Now, I admit that I am bias in this case. Tonia is dead. J.C. murdered her. He admitted it. He has been more than accommodated, in my opinion since this whole thing happened. Right from the start, he was given, let's just say, abnormal treatment. Now, here's my question: Jim Hartford is trying to say that basically since Det. Andy Sweeney didn't go to the house to search for pipe bombs, then they shouldn't be allowed to be used against, yes, I will say it again, poor J.C. Amato. Am I misunderstanding something here?

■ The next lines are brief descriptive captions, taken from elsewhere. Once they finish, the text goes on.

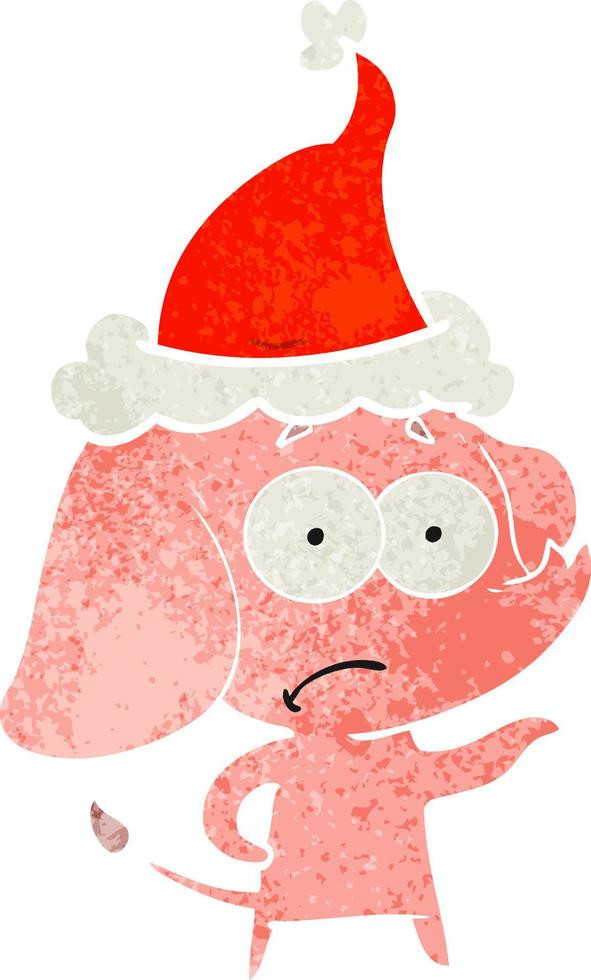 retro cartoon of a unsure elephant wearing santa hat vector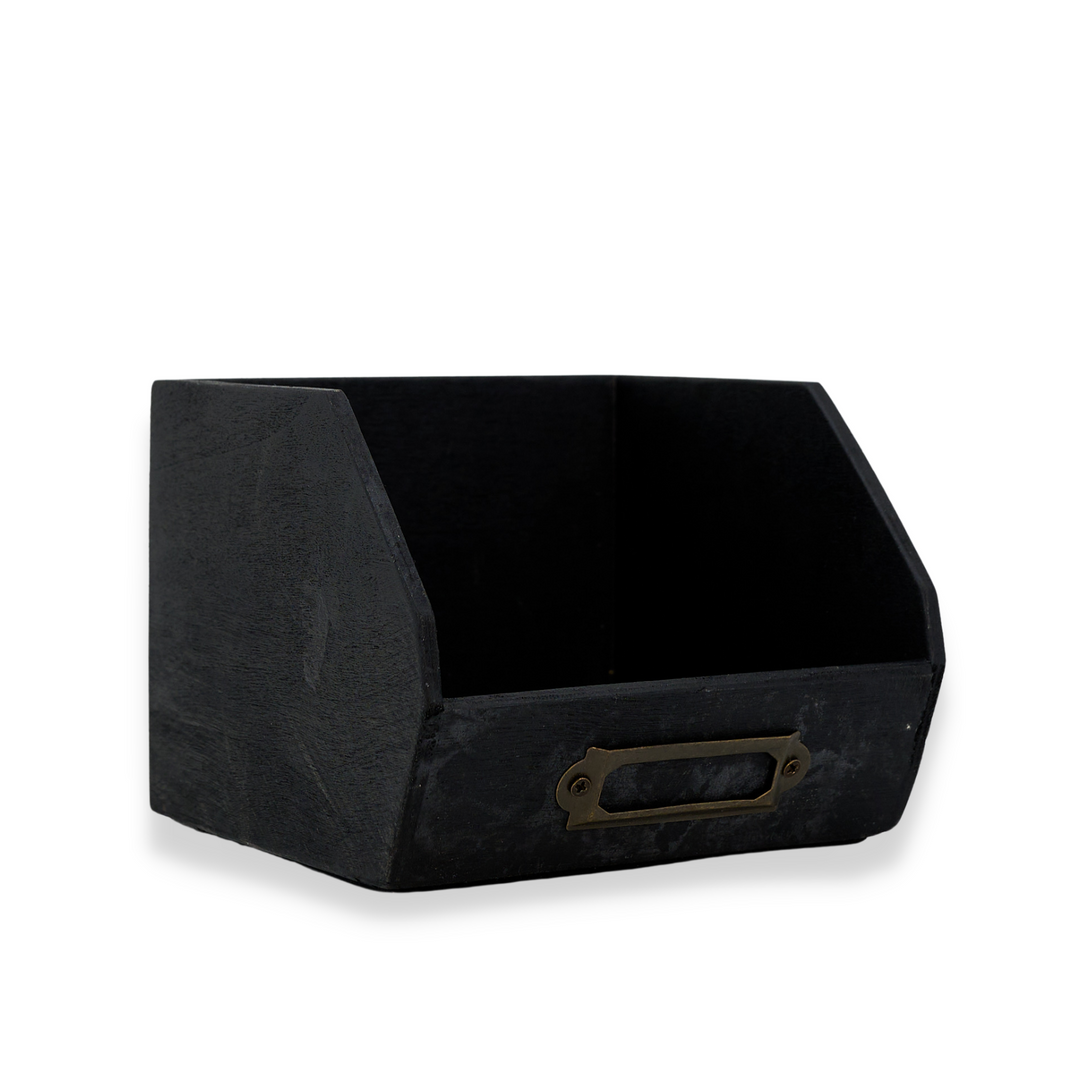 American Metalcraft PWBB45 Black Poplar Wood Caddy Box  4 5/8"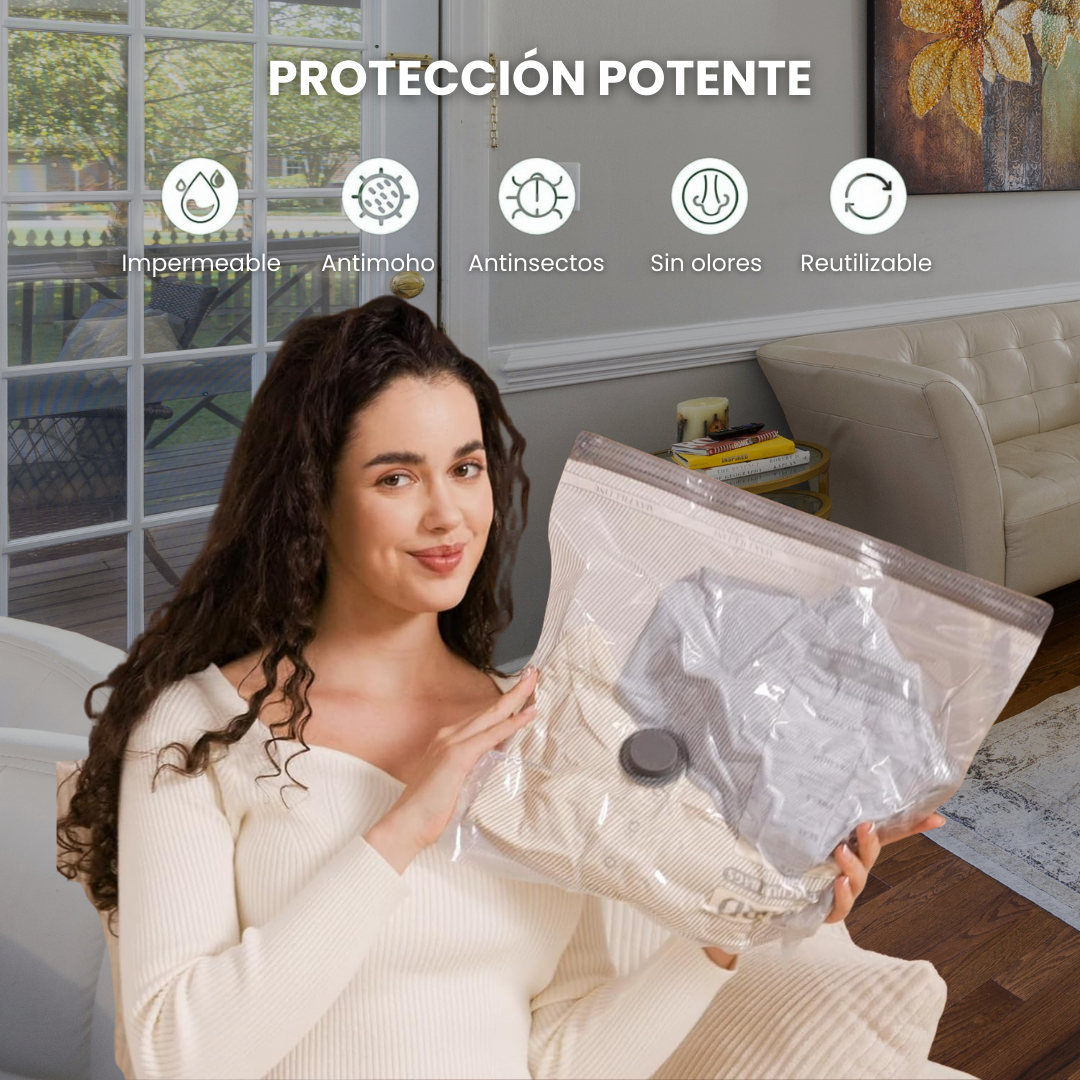 Bolsas al Vacío para Ropa con Bomba Inalámbrica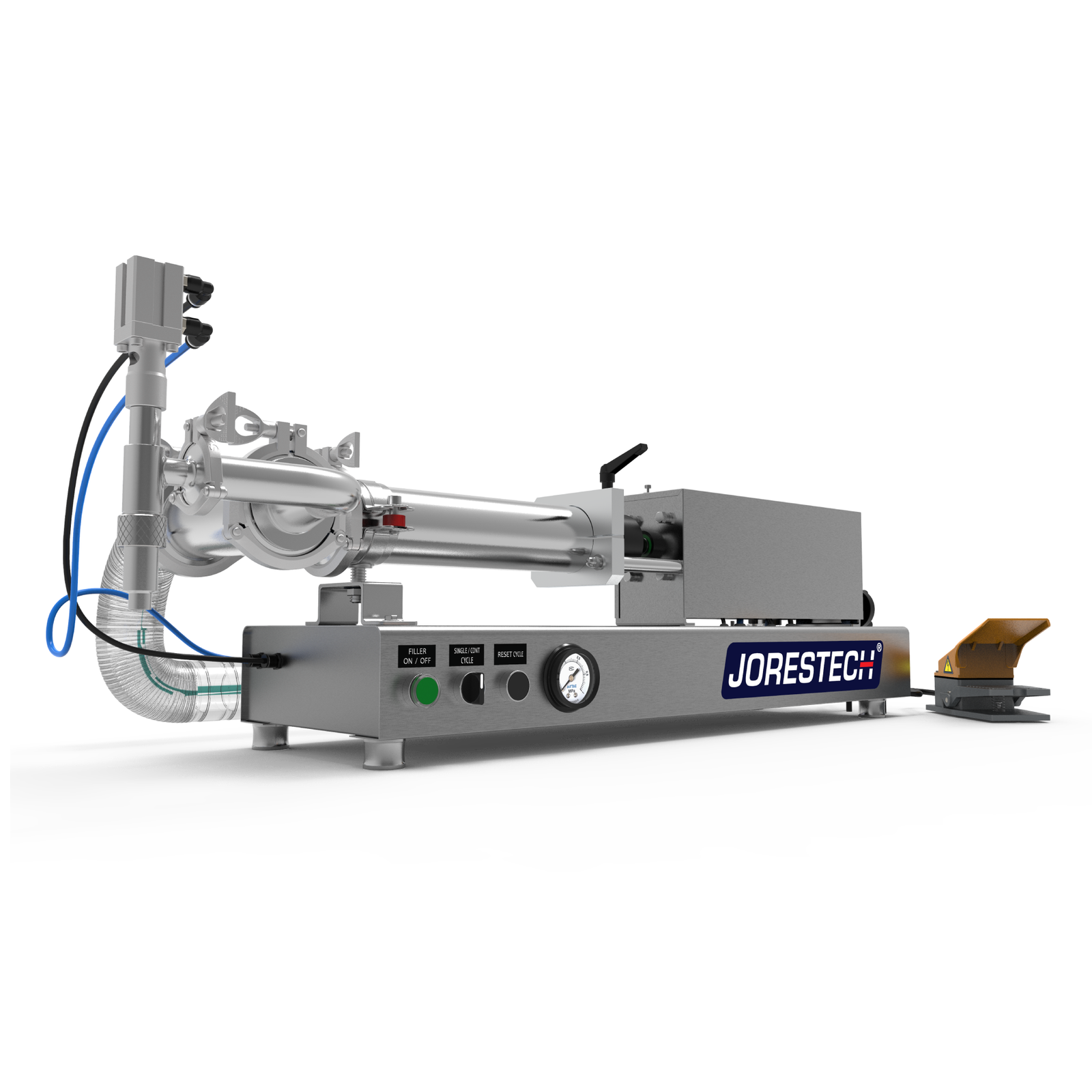 Low viscosity JORES TECHNOLOGIES® piston filling machine. The piston filler is made out of 316 and 304 stainless steel and there's a yellow and grey foot pedal resting on the side.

Let's just say that a police officer comes to my house to ask if I heard anything from the house next door where a domestic dispute was called in, I am just a neighbor of the person, and while talking to me, the officer notices that I have say 10lbs. of cocaine on my kitchen table. Doesn't he then have the right to arrest me right then and there for that? I would in fact be breaking the law, right?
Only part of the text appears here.